_Exercise brief_:
Each line from the one containing "Macro shot of" through the final line of the data below must be repeated exactly.

[Caption-style text data]
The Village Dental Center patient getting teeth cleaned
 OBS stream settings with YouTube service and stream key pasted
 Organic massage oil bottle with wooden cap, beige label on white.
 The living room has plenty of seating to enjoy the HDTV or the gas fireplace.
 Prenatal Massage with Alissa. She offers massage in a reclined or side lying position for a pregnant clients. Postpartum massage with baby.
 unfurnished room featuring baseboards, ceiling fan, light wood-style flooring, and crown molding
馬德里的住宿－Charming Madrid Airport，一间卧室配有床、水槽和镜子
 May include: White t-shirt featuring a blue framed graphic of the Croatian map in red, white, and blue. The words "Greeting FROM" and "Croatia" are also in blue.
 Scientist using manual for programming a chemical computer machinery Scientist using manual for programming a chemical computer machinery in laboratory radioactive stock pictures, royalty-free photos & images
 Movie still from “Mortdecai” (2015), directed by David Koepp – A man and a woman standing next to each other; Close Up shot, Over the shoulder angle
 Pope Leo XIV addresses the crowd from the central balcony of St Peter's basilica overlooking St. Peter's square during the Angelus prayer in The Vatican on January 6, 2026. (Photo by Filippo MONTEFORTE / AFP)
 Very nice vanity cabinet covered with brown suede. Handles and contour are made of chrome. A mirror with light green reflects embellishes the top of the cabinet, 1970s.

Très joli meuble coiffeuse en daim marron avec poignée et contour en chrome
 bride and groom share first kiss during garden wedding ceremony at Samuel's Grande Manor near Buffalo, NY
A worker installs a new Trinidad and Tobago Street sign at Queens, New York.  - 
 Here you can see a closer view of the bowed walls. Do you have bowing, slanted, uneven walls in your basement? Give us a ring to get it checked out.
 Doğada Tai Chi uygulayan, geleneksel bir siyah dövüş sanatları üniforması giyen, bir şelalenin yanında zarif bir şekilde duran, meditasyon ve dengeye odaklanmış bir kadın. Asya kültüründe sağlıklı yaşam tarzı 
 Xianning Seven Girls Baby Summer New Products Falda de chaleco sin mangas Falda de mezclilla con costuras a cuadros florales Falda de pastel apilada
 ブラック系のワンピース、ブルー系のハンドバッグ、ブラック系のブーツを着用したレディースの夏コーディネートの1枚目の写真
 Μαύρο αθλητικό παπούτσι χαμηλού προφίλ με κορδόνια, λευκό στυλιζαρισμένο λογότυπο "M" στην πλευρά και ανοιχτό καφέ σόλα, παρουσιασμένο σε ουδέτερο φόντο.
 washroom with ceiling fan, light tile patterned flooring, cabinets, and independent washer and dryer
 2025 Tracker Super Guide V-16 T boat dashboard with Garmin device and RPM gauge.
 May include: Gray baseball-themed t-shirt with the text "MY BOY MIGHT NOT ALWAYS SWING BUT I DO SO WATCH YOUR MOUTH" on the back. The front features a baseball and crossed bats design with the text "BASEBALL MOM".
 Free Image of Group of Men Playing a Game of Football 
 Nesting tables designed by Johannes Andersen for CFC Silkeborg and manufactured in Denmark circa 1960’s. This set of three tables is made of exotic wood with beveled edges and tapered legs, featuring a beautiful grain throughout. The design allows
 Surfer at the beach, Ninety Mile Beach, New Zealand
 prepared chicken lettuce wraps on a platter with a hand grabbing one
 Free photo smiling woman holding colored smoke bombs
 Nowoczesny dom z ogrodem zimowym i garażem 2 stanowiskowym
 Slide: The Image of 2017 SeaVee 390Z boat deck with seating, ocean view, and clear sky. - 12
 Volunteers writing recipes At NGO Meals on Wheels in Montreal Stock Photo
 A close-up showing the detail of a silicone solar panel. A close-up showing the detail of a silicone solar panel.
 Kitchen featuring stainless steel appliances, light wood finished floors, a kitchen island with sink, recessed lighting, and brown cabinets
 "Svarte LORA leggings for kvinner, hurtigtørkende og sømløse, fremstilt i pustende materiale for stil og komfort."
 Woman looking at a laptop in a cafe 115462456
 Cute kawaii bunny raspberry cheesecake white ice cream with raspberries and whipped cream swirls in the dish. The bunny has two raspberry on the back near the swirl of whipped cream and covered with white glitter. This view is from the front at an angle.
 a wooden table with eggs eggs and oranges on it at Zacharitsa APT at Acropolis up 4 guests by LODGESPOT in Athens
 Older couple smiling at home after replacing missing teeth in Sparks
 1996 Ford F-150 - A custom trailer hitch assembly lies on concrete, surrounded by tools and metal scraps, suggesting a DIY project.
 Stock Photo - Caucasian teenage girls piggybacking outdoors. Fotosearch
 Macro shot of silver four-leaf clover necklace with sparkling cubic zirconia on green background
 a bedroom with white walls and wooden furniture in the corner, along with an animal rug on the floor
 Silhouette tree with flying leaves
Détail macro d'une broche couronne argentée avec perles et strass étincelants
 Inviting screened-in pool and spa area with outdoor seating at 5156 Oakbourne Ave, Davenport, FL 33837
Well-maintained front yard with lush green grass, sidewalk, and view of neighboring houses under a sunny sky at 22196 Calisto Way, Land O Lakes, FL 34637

_Exercise output_:
 Macro shot of silver four-leaf clover necklace with sparkling cubic zirconia on green background
 a bedroom with white walls and wooden furniture in the corner, along with an animal rug on the floor
 Silhouette tree with flying leaves
Détail macro d'une broche couronne argentée avec perles et strass étincelants
 Inviting screened-in pool and spa area with outdoor seating at 5156 Oakbourne Ave, Davenport, FL 33837
Well-maintained front yard with lush green grass, sidewalk, and view of neighboring houses under a sunny sky at 22196 Calisto Way, Land O Lakes, FL 34637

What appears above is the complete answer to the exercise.